Fraud Detection and Deterrence (MAcc 665): This course provides a background in all areas of fraud deterrence with a strong emphasis on internal control. Additional topics include deterrence through analysis of fraudulent financial reporting, prevention and detection of fraud, expert testimony, and intellectual property. A wide variety of teaching tools are employed including extensive use of the professional literature, case analysis, videos, role-playing, and text materials.
Business Valuation: Fundamentals, Techniques & Theory (MAcc 667): This course provides an in depth study of the fundamentals of business valuations including basic, intermediate, and some advanced concepts and methodologies required by accounting and financial professionals in valuing a closely held (privately owned) business where there is no market price.
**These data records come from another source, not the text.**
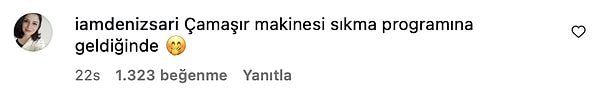 kafasini son hiz dondurup saclarini savuran oryantal didemin dansi sosyal medyada alay konusu oldu 5FrGOcRA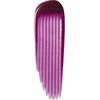 Mac Cosmetics MAC LIPGLASS AIR SUBLIME 5ML
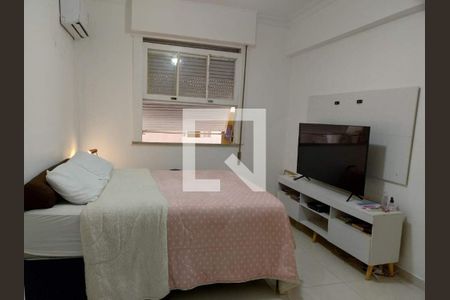 Apartamento à venda com 3 quartos, 159m² em Copacabana, Rio de Janeiro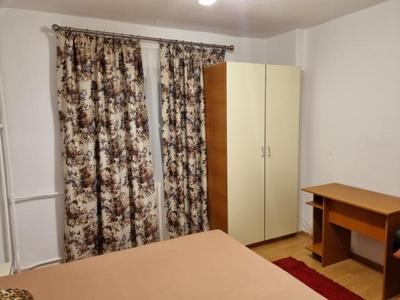 Apartament 2 camere zona Republicii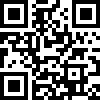 https://persiankhodro.com/x75V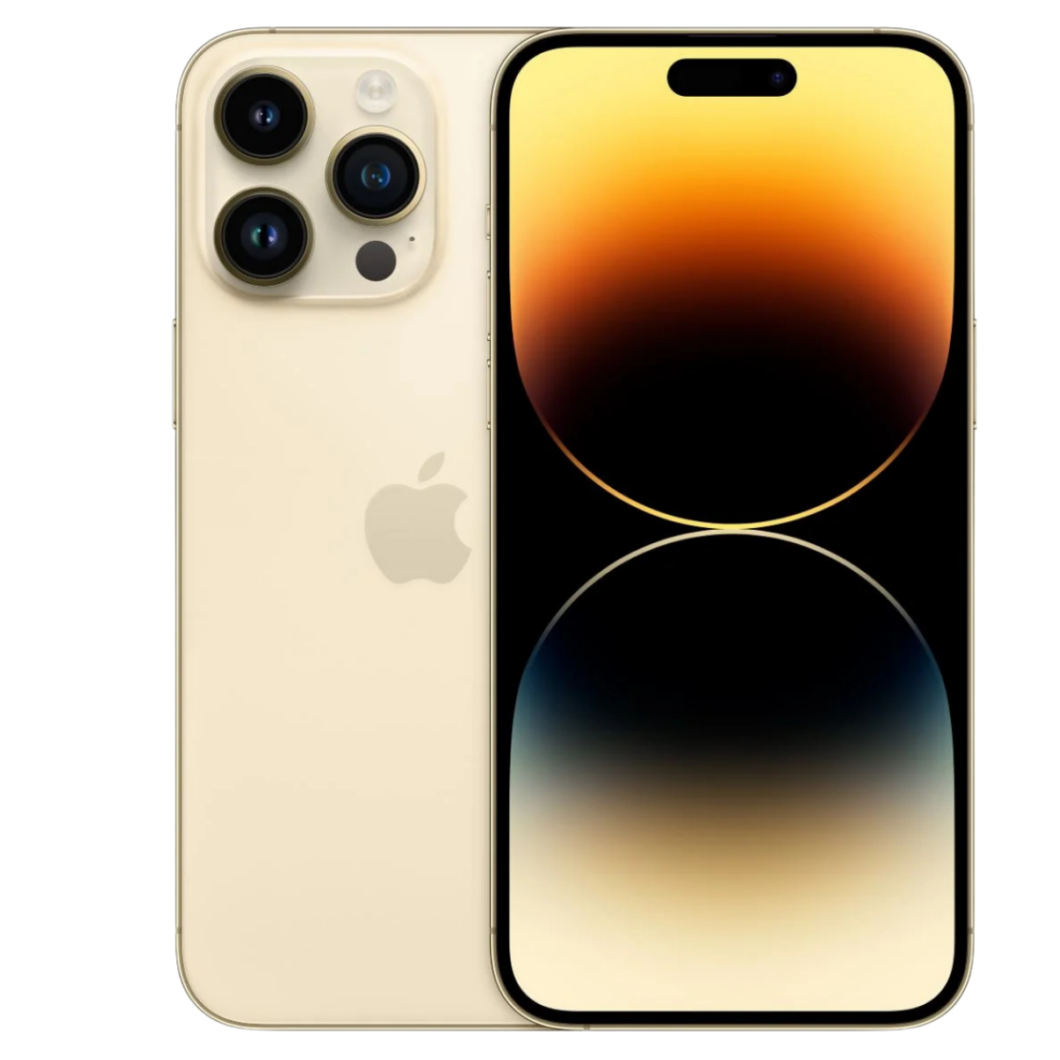 iPhone 14 Pro em Irecê - SmartShop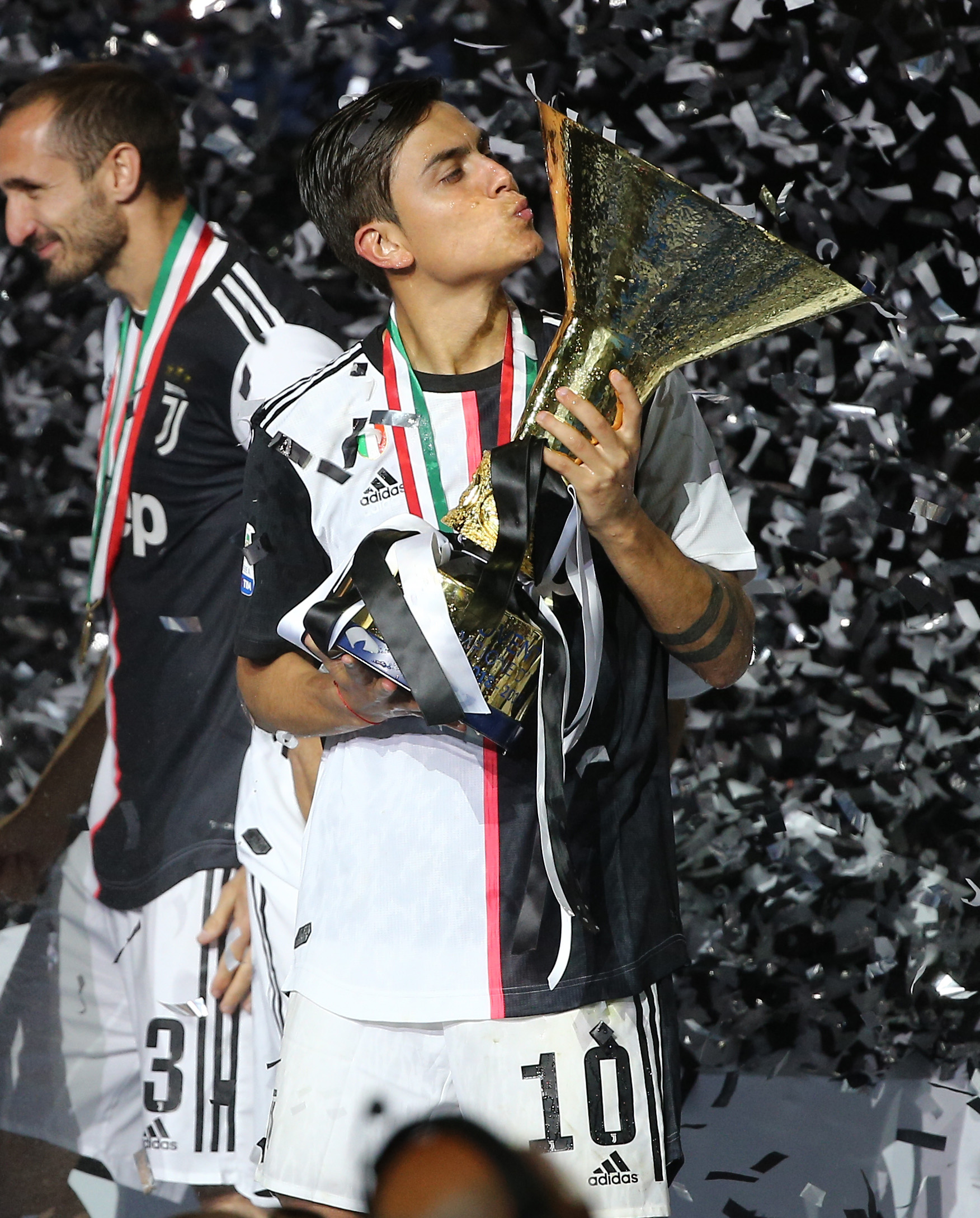 国际化表达 国际化表达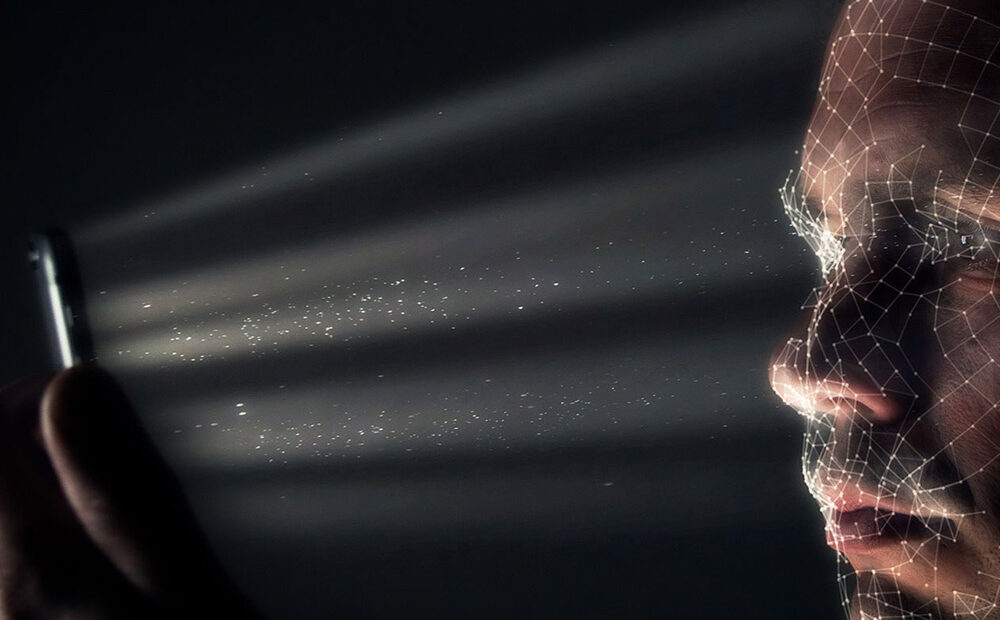 Αναβαθμίζεται το Face Unlock των Pixel 4 και 4xl πέντε μήνες μετά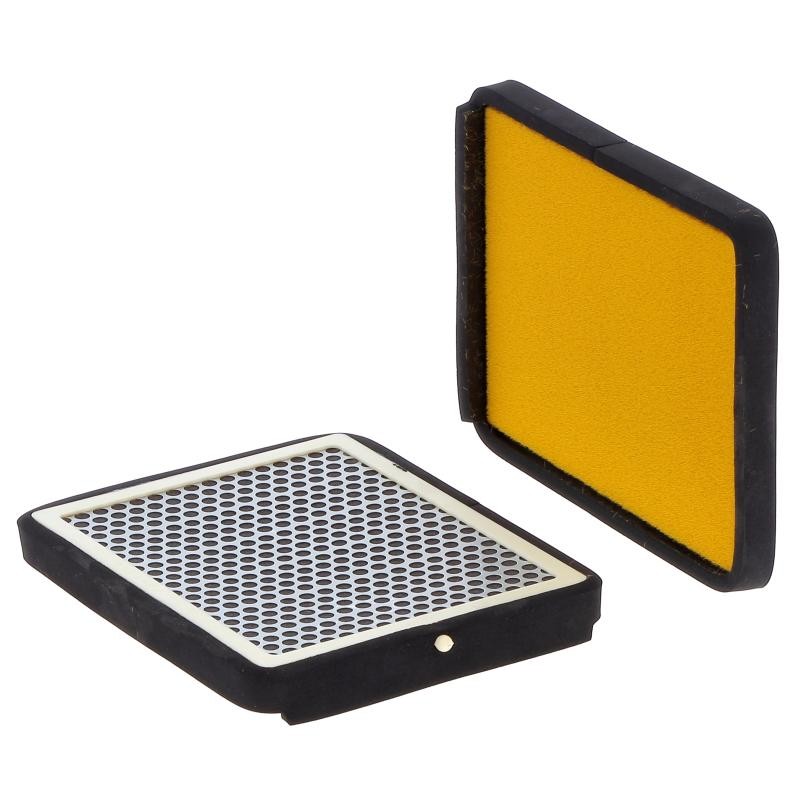 HIFI SA7964 AIR FILTER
Business Intelligence Technology and Data Mining (MBAD 610): This course provides an introduction to data mining methods and demonstrates how data mining can be employed in various accounting, business and forensics projects. A subset of the following issues, based upon student interest, will be discussed:
• Introduction to data mining methods for data cleaning, finding reliable indicators and key factors, feature selection, pattern and outlier detection, anomaly detection, automated classification, segmentation, clustering, regression, forecasting, predictive analytics
• Basics of cost-sensitive machine learning and data mining
• Identifying profitable business units, and what characteristics make them so
• Identifying behavioral changes – detecting opportunities and risks
• Detecting patterns, irregularities, and indicators for identifying and preventing improper accounting practices, dubious transactions, potential fraud, money laundering, or other undesired activities
• Credit scoring, credit default prediction, and risk factors for risk assessment, mitigation, and minimization
• Predicting future demand, prices, and sales
• Optimizing controlling actions by cost-sensitive data mining
• Mining structured and unstructured data, i.e. database tables as well as e.g. textual information using statistical analysis, data and text mining
Evidence Management and Presentation: This course examines legal issues and practical considerations involved in the collection, acquisition, analysis and storage of digital evidence. Presentation of digital and technical evidence to judges, juries and other decision makers. The law of evidence and its implications for the manner and method technical evidence is acquired and presented for consideration in court or in other proceedings (i.e. criminal, civil, or administrative). Requirements and preparation for the presentation of technical evidence as an expert or fact witness.